**Task instructions**. Write out, without any change, the lines in the material below that run from the line with "SSD Kingston NV3" through the line with "Terrace/patio - GIUALI", both included.

**Given data**.
Content starts

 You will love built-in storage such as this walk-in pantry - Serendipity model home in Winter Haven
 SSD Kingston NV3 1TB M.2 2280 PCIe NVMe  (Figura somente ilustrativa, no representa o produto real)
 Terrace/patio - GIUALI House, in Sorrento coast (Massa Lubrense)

Content ends
Content starts

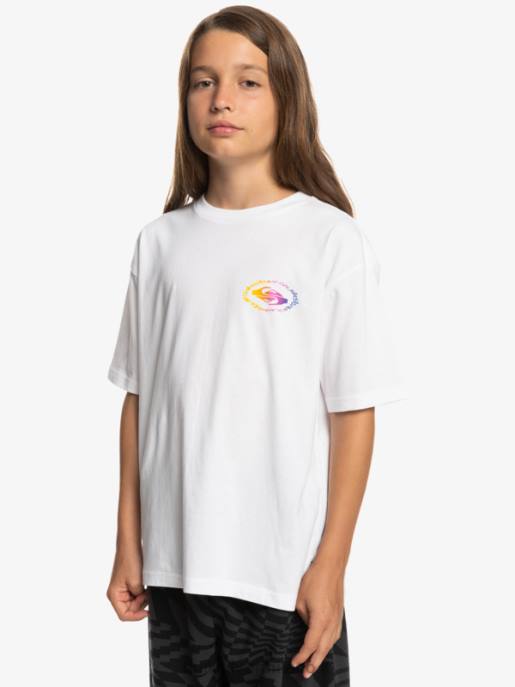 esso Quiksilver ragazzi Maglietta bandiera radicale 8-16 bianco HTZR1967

Content ends
Content starts

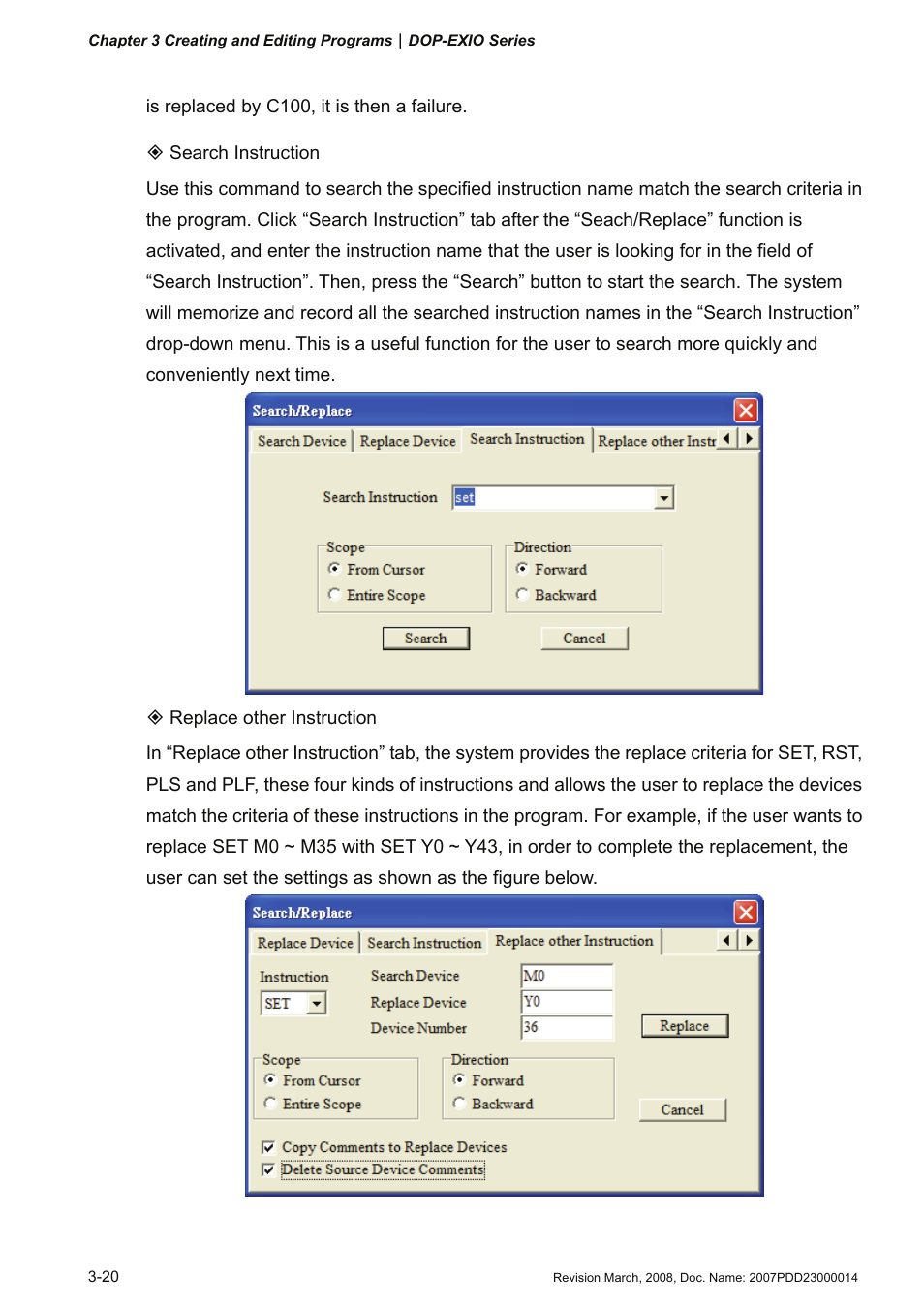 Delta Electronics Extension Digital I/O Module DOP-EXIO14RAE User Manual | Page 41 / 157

Content ends

**Response to the task**.
 SSD Kingston NV3 1TB M.2 2280 PCIe NVMe  (Figura somente ilustrativa, no representa o produto real)
 Terrace/patio - GIUALI House, in Sorrento coast (Massa Lubrense)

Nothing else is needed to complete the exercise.